The Complete Dangerous Visions
Page 89
Sam had, to put it mildly, violated a public trust. (Translation: he hadn’t spent his money on what they wanted.)
He was guilty of a crime against humanity. (Judge and jury, definer of crime? Humanity. All heart.)
It did not matter in the least that twenty billion dollars (or twenty-two, or twenty-three, or a hundred) could not have saved the earth. Earth was finished, smothered by her most illustrious spawn. It would take a few years yet, while she gasped for breath and filled the bedpan. But she was through.
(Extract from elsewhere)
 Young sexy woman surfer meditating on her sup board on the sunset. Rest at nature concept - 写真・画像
Man had never cared overmuch for facts.
He believed what he wanted to believe.
(“Things may be bad, but they are getting better. All we have to do is like be relevant, you know? Enforce the Law. Consult the swami. Have a hearing. Salvation through architecture. When the going gets tough the tough get going. All problems have solutions.”)
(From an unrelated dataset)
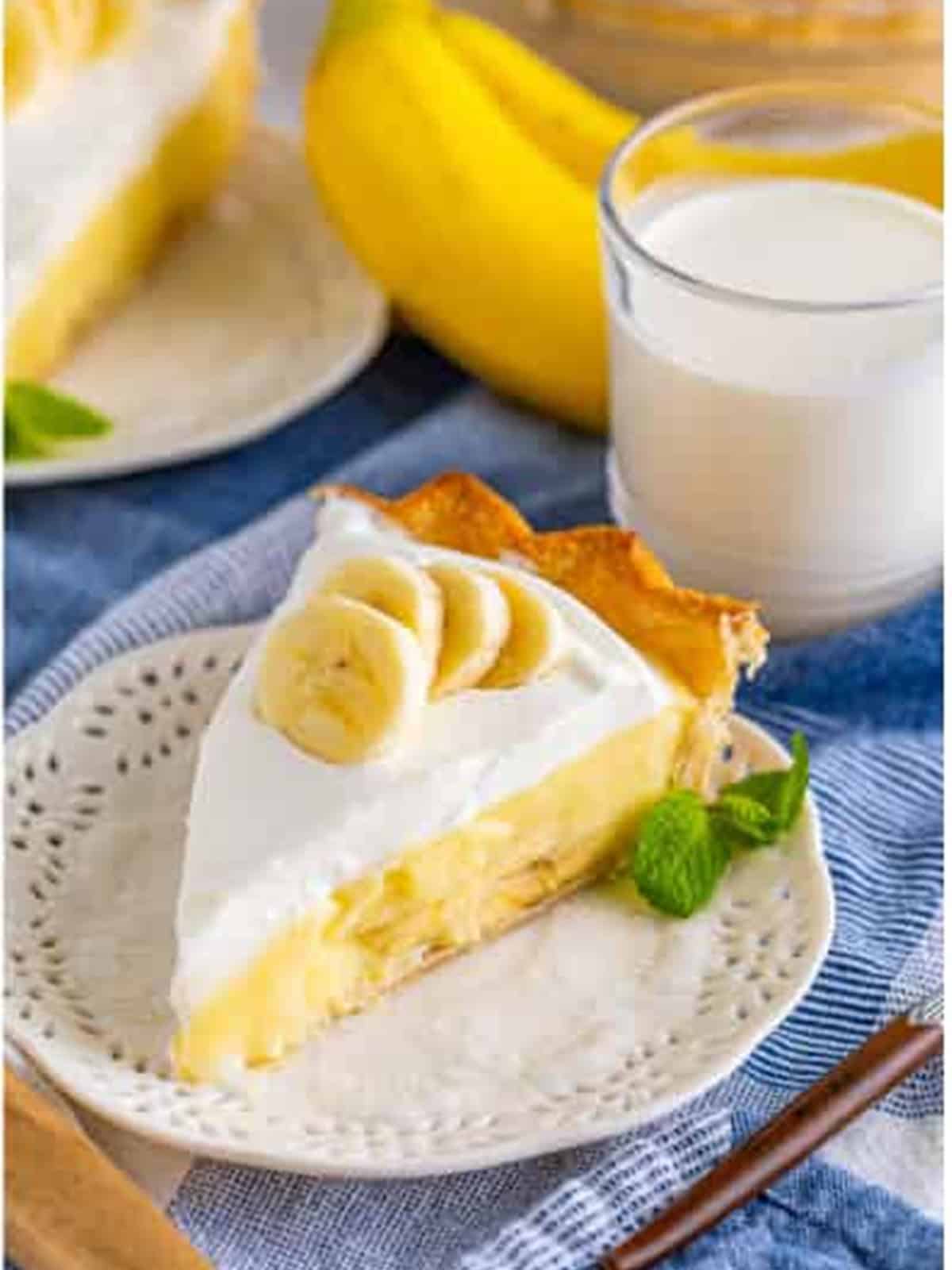 A slice of finished banana cream pie topped with whipped cream and banana slices.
There was one other thing that made Sam’s sin inexcusable.
You see, animals have no votes.
The defense?
It was clear, simple, correct, and beyond dispute. It was therefore doomed.
(“We’ll give him a fair trial, then hang him.”)
Way down deep where convictions solidify, Big Man had expected to meet his counterpart on other worlds. (“Ah, Earthling, you surprise I speak your language so good.”) He had failed. He had found only barren rocks at the end of the road.
From this, he had drawn a characteristically modest conclusion.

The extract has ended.